It's fair to say that raised eyebrows are quite a common reaction when I tell people that I've started a PGCE. That's not because they doubt that teaching is a worthwhile profession, but because I have just submitted my PhD thesis in physics.
"Shouldn't you be getting a job in a laboratory or something?" most people ask. I guess that's a fair question. Indeed, while most of my fellow postgraduate researchers are dreaming of worldwide academic recognition, my aim is to be recognised and respected on a slightly smaller scale - in the classroom.
I would be lying if I said that it has always been my dream to be a teacher. In truth, it only became a realistic option for me while working towards my PhD. Although I am proud of the work I produced during my PhD, I knew deep down that research wasn't for me. Without a doubt, the country needs more science researchers, but we need science teachers even more.
Undertaking the Training and Development Agency's Student Associates Scheme alongside my PhD helped me to make up my mind for definite - time to hang up the lab coat. Well, until my first classroom demonstration anyway.
Although I would like to think that my academic background will stand me in good stead for science teaching, I am well aware that the reality of teaching will be a shock to the system.
What if I can't control the pupils? What if they don't respect me? What if I'm not assertive in the classroom? Is my scientific knowledge enough to become a good teacher?

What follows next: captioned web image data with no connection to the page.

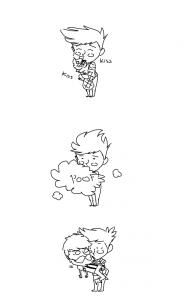 post-496876-0-67251800-1418441760_thumb.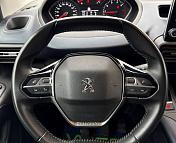 Peugeot Rifter  I , 2021 г., механика, дизель  - фото 15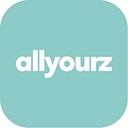 Favicon of Allyourz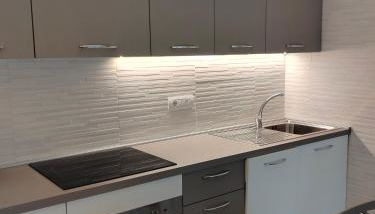 Casa Mare a Marcelli - Photo 4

These questions will undoubtedly be answered in the near future, but, regardless of what the answers are, I know 100 per cent that I've made the right decision. To share what I have learnt with pupils and hopefully generate the same passion for science in them that was instilled in me as a youngster is surely a worthwhile use for my past seven years of academic study
Alex Dunlop is taking a secondary science PGCE at the Institute of Education in London.